After the horrifying attack on APS Peshawar, the nation was united in shock and outrage against a crime targeting children. These were the children of Army officers, but we understood that they represented all of our children. The response from the state was swift and unforgiving. The threat would be chased to every corner and put down without mercy. However now a crack is beginning to show in the state’s resolve to be the defender of our children. The children of Army officers will be avenged, but the children of the poor are being forgotten.
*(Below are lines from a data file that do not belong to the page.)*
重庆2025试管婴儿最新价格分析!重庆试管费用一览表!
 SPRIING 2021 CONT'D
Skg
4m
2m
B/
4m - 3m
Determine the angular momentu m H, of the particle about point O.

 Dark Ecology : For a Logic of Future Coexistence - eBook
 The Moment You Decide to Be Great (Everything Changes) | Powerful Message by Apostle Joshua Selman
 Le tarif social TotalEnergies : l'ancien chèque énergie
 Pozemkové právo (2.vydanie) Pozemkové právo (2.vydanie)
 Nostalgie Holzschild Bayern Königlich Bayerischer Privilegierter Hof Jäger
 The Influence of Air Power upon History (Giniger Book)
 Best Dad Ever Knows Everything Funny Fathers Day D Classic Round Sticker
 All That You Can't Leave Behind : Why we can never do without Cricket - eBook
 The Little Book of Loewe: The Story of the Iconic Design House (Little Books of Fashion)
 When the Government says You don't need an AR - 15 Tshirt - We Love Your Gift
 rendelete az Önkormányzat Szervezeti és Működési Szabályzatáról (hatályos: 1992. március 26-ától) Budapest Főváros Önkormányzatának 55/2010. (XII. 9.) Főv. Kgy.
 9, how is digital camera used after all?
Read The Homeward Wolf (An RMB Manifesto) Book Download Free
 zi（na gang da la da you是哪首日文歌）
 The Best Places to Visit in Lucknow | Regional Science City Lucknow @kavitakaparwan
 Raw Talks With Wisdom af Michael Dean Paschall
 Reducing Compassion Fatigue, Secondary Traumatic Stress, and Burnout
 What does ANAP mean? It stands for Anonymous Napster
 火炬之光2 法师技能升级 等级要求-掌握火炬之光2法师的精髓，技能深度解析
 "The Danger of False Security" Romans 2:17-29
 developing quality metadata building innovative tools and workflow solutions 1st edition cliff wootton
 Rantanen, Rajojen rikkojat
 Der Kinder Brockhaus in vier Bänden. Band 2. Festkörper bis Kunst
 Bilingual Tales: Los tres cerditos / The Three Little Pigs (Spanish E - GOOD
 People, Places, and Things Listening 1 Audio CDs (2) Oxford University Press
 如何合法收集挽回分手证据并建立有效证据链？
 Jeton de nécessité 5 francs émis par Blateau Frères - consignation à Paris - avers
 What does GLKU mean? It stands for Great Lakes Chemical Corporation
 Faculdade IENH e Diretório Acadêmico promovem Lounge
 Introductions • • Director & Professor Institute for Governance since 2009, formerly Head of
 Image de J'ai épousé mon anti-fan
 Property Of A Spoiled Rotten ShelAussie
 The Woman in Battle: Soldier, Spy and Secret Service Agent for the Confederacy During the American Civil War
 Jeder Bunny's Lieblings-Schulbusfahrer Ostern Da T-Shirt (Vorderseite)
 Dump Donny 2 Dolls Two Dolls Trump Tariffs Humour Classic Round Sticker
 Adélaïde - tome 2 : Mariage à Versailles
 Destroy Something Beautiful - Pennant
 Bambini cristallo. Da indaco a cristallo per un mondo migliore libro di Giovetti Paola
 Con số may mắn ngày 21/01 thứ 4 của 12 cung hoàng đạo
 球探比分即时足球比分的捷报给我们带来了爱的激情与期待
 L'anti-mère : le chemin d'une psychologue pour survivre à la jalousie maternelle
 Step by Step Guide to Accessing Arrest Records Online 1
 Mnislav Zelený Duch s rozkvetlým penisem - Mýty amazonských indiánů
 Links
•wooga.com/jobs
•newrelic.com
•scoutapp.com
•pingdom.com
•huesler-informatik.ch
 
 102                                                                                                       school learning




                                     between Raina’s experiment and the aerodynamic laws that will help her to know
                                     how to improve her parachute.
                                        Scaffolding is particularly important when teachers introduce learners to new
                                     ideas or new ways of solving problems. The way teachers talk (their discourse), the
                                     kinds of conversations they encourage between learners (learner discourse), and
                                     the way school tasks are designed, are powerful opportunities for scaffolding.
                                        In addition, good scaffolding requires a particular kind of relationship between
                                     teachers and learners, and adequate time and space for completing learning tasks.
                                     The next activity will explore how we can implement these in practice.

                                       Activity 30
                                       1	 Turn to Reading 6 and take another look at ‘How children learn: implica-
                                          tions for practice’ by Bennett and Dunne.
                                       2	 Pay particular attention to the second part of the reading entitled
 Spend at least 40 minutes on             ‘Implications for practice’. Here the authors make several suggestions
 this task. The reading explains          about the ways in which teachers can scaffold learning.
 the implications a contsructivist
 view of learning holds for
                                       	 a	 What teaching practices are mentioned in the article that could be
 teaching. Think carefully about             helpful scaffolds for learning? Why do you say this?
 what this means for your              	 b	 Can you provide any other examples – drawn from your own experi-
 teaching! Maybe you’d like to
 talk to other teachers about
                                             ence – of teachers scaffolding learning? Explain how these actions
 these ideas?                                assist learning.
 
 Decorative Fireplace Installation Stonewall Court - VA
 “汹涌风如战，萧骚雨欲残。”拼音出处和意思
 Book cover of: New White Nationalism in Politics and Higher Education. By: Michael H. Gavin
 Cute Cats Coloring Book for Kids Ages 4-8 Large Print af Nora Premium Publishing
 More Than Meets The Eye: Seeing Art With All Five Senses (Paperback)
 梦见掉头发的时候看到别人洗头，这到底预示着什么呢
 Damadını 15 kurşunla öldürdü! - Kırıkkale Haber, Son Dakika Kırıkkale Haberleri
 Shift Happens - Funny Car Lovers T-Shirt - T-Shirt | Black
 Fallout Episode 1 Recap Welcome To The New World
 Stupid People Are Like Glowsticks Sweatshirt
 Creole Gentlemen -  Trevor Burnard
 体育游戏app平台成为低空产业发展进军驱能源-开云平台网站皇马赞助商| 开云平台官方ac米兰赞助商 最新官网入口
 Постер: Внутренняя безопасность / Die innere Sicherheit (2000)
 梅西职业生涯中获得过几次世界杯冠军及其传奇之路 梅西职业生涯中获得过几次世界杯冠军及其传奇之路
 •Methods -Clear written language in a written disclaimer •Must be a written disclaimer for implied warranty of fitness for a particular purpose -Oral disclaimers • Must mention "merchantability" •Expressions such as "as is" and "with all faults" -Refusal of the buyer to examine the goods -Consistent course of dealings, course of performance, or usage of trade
Reports have been flooding in about hundreds of children going missing in Pakistan, while the state has remained deaf and blind to the crisis. Kidnapping gangs have been busted in Peshawar, and one kidnapped girl from Lahore was able to make a daring escape and live to tell about it. According to Punjab’s Law Minister Rana Sanaullah, though, kidnapping is ‘blown out of proportion’.
Was the response to the APS massacre ‘blown out of proportion’? 132 children were killed in that attack, and no one will dare to say the response was ‘blown out of proportion’. Over 700 children have been kidnapped in Punjab alone, and authorities say that the response is ‘blown out of proportion’. If the proportions are different, please inform us how many poor children does it take to equal the value of an Army officer’s child?
All children have equal value no matter whether their father is a decorated war hero or a beggar. The state should not dismiss the worries of parents. They should treat the crisis as a threat to the nation’s future, which is what our children are. All of them.